LAST YEAR THE MARYLAND ASSEMBLY BROUGHT A BILL FORWARD THAT WOULD ADDRESS ONE OF THESE LOOPHOLES.....COMBINED REPORTING.....BUT IT FAILED TO PASS.  OUR LEGISLATORS THEN PROCEEDED TO TELL US THEY WOULD NOT BE ADDRESSING TAXES AGAIN FOR YEARS.  THEY WERE ABLE TO PASS LOTS OF TAX HIKES ON MIDDLE/LOWER CLASS MARYLANDERS AND A TEENY, TINY TAX ON THE RICH THAT O'MALLEY NEEDED IN ORDER TO SAY HE MADE THE RICH PAY IN HIS NATIONAL CAMPAIGN, BUT CORPORATIONS IN MARYLAND CONTINUE TO HAVE A FREE RIDE IN THE STATE.

VOTE YOUR INCUMBENT OUT OF OFFICE!!!!!

PLEASE READ SO YOU CAN TELL YOUR INCUMBENT WHAT NEEDS TO BE DONE!!!  PLEASE NOTE THAT THE STATES OF DELAWARE AND NEVADA.......THIRD WAY CORPORATE POLITICIANS JOE BIDEN AND HARRY REID ARE THE TOP CORPORATE AND WEALTH TAX HAVENS/OFF-SHORE SHELTER STATES IN THE COUNTRY!

Close Corporate Tax Loopholes

Maryland PIRG

PERVASIVE TAX AVOIDANCE—Across the country, some of the nation’s best-known companies—including GE, Google and Goldman Sachs—have avoided paying the taxes they owe, costing Marylanders $2.1 billion last year.

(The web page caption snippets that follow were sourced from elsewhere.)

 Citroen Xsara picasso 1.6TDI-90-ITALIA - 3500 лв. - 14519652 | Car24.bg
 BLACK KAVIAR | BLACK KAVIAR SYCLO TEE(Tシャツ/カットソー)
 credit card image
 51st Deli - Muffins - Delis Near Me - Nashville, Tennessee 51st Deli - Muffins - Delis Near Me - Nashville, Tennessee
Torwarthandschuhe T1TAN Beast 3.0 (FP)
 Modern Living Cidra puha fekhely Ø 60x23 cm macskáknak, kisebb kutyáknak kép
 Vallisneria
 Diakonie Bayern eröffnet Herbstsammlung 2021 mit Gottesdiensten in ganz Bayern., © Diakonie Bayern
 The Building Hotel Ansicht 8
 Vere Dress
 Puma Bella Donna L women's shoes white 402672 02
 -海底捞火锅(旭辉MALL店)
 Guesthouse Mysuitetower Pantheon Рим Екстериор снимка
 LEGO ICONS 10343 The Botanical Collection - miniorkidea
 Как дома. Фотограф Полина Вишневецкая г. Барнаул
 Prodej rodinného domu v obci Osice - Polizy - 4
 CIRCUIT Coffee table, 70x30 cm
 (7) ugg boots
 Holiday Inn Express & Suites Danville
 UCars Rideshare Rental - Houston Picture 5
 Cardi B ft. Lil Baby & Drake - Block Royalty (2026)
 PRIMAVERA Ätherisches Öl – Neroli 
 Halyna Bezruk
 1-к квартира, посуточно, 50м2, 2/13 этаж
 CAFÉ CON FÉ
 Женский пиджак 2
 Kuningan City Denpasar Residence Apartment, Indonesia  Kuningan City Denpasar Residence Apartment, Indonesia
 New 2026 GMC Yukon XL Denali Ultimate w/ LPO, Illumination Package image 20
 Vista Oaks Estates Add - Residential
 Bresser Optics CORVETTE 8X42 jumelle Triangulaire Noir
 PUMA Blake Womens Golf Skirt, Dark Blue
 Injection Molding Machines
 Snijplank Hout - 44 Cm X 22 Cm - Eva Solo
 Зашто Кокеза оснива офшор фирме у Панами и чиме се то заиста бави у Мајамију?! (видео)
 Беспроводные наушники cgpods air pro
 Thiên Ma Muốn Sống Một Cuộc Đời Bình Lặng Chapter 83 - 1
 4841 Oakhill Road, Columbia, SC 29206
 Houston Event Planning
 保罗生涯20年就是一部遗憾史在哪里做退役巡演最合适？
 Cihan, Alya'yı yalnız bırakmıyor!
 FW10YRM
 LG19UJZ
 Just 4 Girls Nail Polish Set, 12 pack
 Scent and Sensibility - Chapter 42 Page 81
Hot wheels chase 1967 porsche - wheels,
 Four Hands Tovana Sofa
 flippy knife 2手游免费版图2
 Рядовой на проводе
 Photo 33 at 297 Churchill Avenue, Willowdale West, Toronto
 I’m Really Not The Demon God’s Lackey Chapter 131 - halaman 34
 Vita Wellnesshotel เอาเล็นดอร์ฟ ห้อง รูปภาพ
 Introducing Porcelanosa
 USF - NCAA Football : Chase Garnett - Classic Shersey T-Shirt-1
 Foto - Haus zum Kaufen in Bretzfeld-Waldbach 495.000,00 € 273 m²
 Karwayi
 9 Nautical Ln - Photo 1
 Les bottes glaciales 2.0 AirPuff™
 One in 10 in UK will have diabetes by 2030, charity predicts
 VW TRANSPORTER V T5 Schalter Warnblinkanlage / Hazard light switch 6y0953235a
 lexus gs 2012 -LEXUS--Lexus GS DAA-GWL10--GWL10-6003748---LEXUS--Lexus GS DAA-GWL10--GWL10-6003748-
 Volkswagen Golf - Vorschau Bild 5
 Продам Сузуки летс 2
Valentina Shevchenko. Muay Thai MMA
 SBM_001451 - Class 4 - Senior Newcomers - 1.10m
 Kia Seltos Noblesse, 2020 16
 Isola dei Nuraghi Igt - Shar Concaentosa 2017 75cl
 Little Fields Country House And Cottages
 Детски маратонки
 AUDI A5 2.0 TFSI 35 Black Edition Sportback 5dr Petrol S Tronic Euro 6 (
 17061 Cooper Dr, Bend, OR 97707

LOOPHOLES COST MARYLANDERS $2.1 BILLION No company should be able to game the tax system to avoid paying what it legitimately owes. And, yet, establishing shell companies in offshore havens for the purpose of tax avoidance is becoming more the rule than the exception for at least 83 of the nation's top 100 publicly traded companies. GE, Google, Goldman Sachs and dozens of others have created hundreds of phantom entities with nothing more than a clever tax attorney and P.O. box.

Official estimates of how much we lose in tax revenue are between $70 billion and $100 billion per year. That's money that is shouldered by average taxpayers, either through additional taxes today or additional debt to be paid by the next generation.

It’s not illegal, but it’s not right.

The result? The average taxpayer paid $472 more this year to cover the $100 billion that GE and others that use offshore tax havens skipped out on. And small businesses and companies that don’t use these schemes have to struggle to compete with those that do.

Meanwhile, the General Assembly and Congress are considering deep cuts for essential public programs — from education, to health care, to clean air and drinking water. They’re asking us to tighten our belts and make sacrifices while giving the tax haven crew a free ride.

We are pushing for common-sense changes that simply say that if corporations are based here and generate profits here, then they should, like all of us who earn income here, pay the taxes they owe.
___________________________________________________
  THIS IS WHAT CORPORATIONS HAVE PAID IN MARYLAND AS A PERCENTAGE OF TOTAL STATE REVENUE FOR DECADES.  IF I HAD 2010 I BET IT WOULD BE LOWER.
 
Share of Total State Taxes Contributed by Corporate Income

  1979                      1989                           2000 


5.5%                         5.3%                          4.2%


THIS STUDY DOES A GOOD JOB EXPLAINING WHAT STATES NEED TO DO TO MAXIMIZE CORPORATE TAX REVENUE.  IT ALSO SHOWS THE DOWNSIDE WHEN THEY DON'T.  THERE ARE THREE EASY POLICY CHANGES THAT WOULD BRING BILLIONS MORE IN REVENUE.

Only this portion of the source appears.